■ Problem description:
Return the lines below that carry the word "with".

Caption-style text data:

★ ★ ★ ★ ★

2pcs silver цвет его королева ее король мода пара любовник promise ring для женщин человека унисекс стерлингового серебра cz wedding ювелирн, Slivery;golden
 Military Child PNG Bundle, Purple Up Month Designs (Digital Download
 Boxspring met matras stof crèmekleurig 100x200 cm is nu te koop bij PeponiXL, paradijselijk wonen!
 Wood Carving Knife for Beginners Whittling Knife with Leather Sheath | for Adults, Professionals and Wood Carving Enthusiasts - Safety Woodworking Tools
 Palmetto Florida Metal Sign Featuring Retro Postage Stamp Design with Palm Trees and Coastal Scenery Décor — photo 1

★ ★ ★ ★ ★

■ Result of the task:
 Wood Carving Knife for Beginners Whittling Knife with Leather Sheath | for Adults, Professionals and Wood Carving Enthusiasts - Safety Woodworking Tools
 Palmetto Florida Metal Sign Featuring Retro Postage Stamp Design with Palm Trees and Coastal Scenery Décor — photo 1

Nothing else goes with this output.